Bomb plot defendant denied files by court
Updated: 2014-06-19 07:08
By Reuters in Chicago (China Daily)
Lawyers for a man accused of plotting to bomb a Chicago bar have been barred by a US federal court from seeing documents relating to his case that are classified under a recent US spying law.
On Monday, the 7th US Circuit Court of Appeals overruled a landmark lower court decision that allowed lawyers for the defendant, Adel Daoud, to view classified material relating to his arrest and trial. The documents relate to search warrant applications presented to a court established under the Foreign Intelligence Surveillance Act.
Daoud was arrested after electronic monitoring conducted under FISA. His case has drawn widespread interest because it touches on government surveillance issues raised by former security contractor Edward Snowden, who leaked classified material on government surveillance programs.
US District Judge Sharon Johnson Coleman ruled in January that Daoud's defense team should be allowed to see the FISA-related documents, as they may have a bearing on his defense.

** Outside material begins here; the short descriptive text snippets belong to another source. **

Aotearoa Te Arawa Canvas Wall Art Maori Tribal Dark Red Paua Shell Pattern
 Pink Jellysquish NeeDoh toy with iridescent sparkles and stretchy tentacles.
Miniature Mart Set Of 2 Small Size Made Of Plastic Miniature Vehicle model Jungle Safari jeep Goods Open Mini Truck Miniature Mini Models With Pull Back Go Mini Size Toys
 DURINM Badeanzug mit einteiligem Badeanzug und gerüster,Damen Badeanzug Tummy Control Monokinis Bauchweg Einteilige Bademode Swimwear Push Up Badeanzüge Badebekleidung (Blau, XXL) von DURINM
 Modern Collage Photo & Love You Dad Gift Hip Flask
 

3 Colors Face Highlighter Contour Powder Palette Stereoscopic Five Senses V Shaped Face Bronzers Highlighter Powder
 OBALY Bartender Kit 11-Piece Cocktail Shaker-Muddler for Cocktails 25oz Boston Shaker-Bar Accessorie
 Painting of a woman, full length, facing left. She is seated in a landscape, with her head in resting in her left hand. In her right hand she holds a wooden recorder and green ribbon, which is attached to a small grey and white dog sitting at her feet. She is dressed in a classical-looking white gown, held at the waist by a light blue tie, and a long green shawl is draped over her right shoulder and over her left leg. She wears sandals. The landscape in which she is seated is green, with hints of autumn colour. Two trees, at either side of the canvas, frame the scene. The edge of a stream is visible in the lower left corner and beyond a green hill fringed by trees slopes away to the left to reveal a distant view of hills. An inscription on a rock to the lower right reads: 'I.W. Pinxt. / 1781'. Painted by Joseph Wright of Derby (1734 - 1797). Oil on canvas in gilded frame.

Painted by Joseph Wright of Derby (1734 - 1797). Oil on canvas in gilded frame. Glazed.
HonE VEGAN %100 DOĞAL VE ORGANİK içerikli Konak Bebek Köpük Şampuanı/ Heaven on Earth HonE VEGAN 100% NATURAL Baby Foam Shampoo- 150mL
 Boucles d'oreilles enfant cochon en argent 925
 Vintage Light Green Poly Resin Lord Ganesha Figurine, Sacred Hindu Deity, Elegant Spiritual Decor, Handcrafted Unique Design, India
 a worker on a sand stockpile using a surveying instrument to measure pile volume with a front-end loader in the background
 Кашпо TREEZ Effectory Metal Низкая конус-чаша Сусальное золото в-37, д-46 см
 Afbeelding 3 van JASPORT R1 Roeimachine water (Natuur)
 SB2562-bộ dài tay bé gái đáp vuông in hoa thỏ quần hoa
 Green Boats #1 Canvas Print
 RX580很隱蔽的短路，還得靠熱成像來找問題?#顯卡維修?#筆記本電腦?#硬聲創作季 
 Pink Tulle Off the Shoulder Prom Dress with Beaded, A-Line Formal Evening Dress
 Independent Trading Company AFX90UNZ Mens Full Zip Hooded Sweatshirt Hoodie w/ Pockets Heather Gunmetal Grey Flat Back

However, writing for the appeals court, Circuit Judge Richard Posner said not all judicial procedures need to be fully public. He said Coleman should have herself tried to determine whether the surveillance was legal before deciding whether the defense could see any of the material.
Thomas Anthony Durkin, a lawyer for Daoud, disagreed with the decision. Durkin said in an e-mail on Tuesday that the ruling is "another step in the continued creation of a two-tiered system of justice in federal courts."
Daoud is accused of accepting a phony car bomb from undercover FBI agents, parking it near a Chicago bar and pressing the trigger. He has pleaded not guilty to the crime, which is alleged to have taken place in 2012. His trial is scheduled to begin Nov 10.
According to The Guardian, Durkin argued in court that Daoud was working on a term paper on Osama bin Laden in 2012, and examination of the FISA documents might show whether this led the FBI to target him for a terrorism-related sting operation.
Posner said FISA attempts to strike a balance between "the interest in full openness of legal proceedings and the interest in national security".
"Our own study of the classified materials has convinced us that there are indeed compelling reasons of national security for their being classified," Posner said.